Problem description: Exactly reproduce the lines of the listing below from the one containing "Another way to" through the one containing "So if you want". Skip the images.

Source material:
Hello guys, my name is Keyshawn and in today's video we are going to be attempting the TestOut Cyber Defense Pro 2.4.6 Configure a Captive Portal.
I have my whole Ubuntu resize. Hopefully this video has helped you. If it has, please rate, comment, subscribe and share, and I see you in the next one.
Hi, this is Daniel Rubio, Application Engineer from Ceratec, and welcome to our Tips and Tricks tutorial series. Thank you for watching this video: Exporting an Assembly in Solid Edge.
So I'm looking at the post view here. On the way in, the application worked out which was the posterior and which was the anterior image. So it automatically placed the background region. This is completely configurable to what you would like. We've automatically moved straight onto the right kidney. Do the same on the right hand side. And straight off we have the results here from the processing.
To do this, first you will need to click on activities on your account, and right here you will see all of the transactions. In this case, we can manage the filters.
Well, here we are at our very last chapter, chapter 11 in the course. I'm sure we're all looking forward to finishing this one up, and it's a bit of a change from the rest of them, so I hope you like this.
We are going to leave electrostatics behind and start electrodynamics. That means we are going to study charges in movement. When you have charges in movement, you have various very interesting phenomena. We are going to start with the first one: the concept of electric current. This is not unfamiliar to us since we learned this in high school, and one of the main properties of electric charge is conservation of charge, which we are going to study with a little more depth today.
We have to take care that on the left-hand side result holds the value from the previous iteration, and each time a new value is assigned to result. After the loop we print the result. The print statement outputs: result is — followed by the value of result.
==
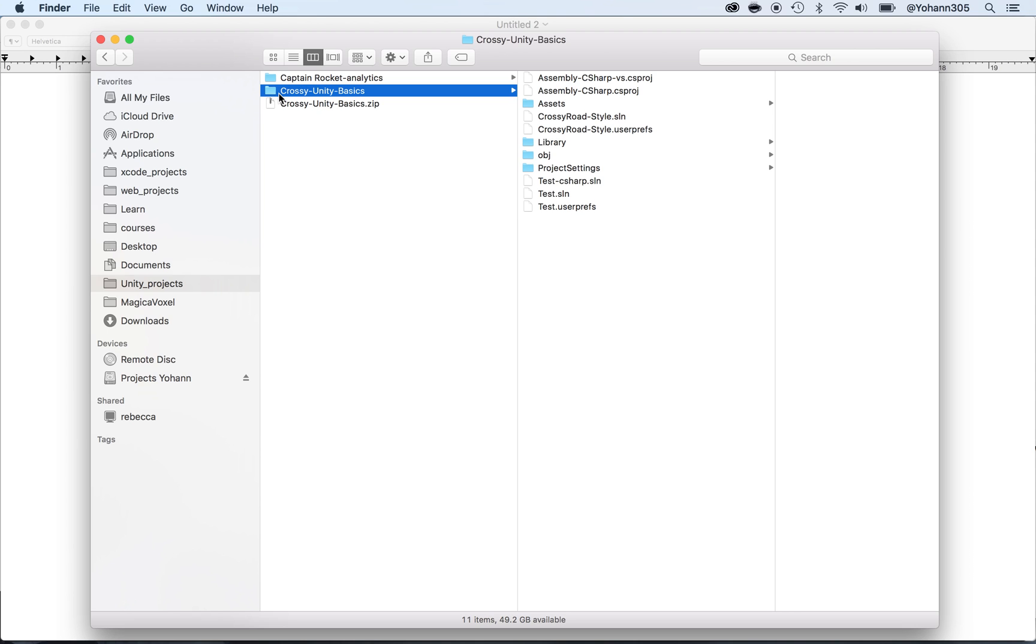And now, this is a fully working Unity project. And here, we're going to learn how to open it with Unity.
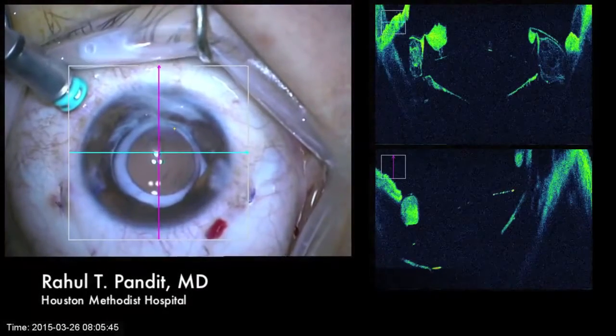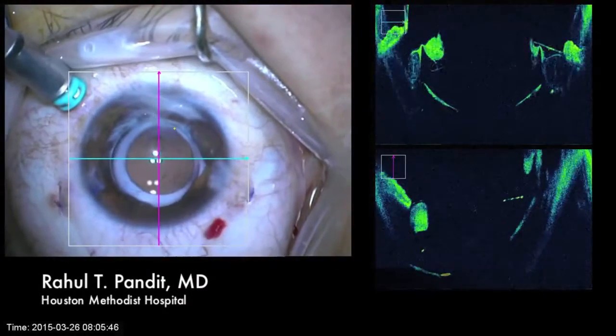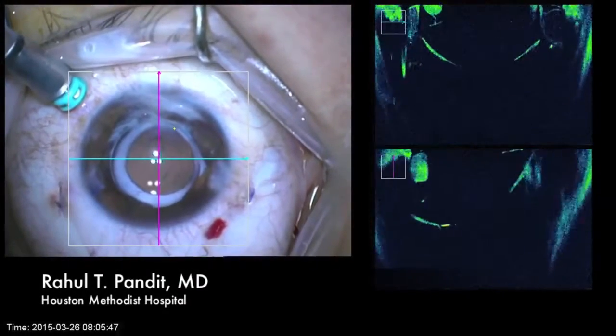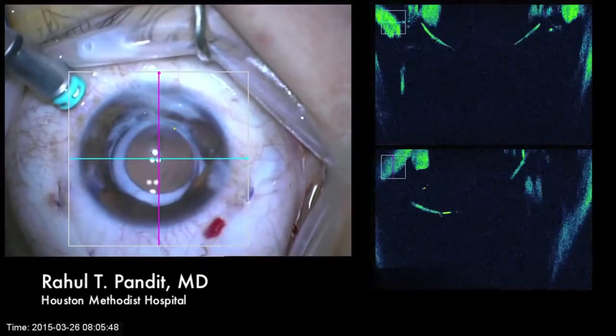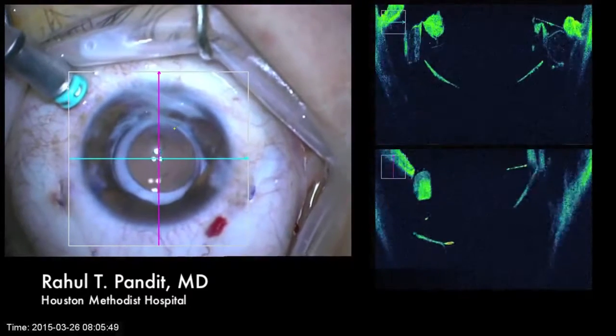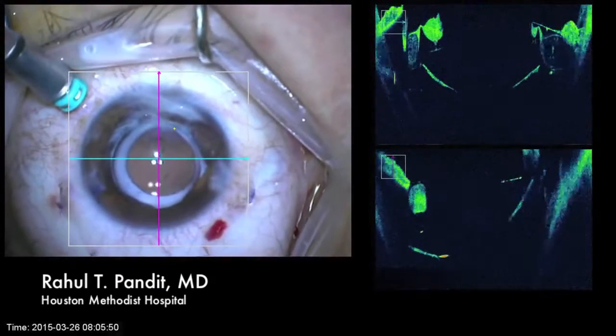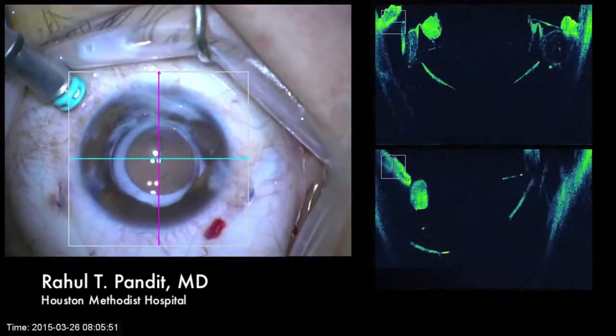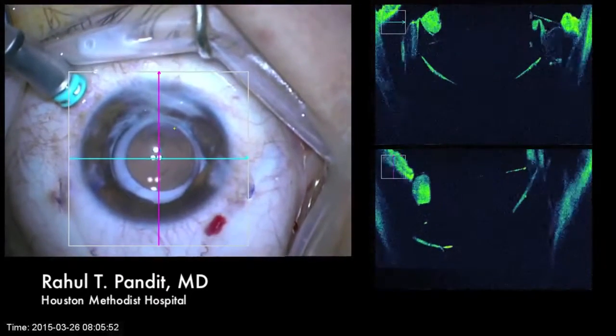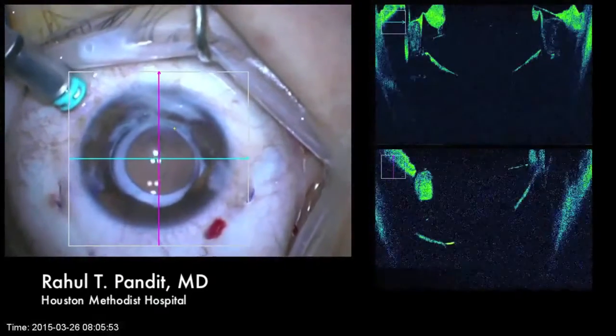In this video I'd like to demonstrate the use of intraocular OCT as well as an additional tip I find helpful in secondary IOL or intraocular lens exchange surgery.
--
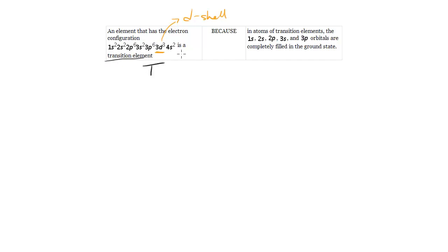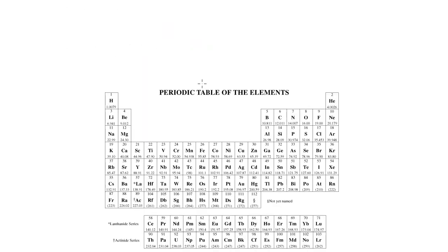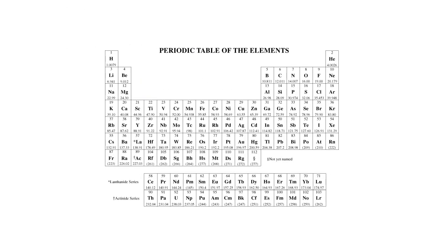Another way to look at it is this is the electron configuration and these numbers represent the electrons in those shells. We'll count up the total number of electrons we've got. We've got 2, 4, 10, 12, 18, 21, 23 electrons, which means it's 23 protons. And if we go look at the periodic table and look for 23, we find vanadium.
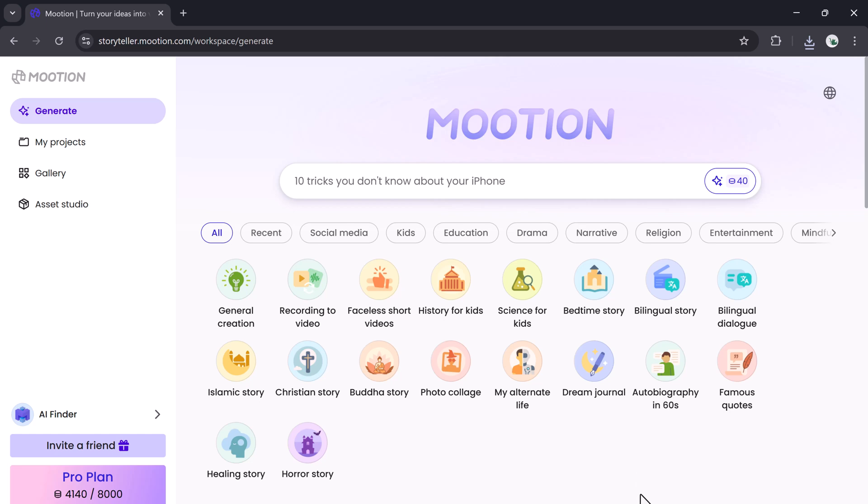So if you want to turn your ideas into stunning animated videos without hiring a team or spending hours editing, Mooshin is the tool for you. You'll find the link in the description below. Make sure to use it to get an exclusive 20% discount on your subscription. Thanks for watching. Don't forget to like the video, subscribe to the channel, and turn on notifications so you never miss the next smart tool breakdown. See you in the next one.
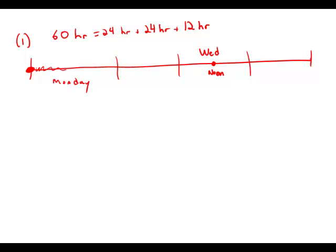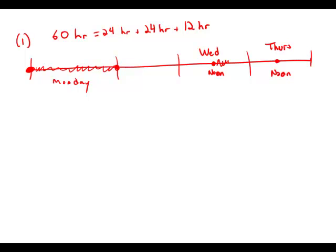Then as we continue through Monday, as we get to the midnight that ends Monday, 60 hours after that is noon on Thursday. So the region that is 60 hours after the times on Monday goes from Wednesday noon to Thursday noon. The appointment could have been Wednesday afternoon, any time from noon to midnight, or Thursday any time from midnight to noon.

Reply:
Another way to look at it is this is the electron configuration and these numbers represent the electrons in those shells. We'll count up the total number of electrons we've got. We've got 2, 4, 10, 12, 18, 21, 23 electrons, which means it's 23 protons. And if we go look at the periodic table and look for 23, we find vanadium.
So if you want to turn your ideas into stunning animated videos without hiring a team or spending hours editing, Mooshin is the tool for you. You'll find the link in the description below. Make sure to use it to get an exclusive 20% discount on your subscription. Thanks for watching. Don't forget to like the video, subscribe to the channel, and turn on notifications so you never miss the next smart tool breakdown. See you in the next one.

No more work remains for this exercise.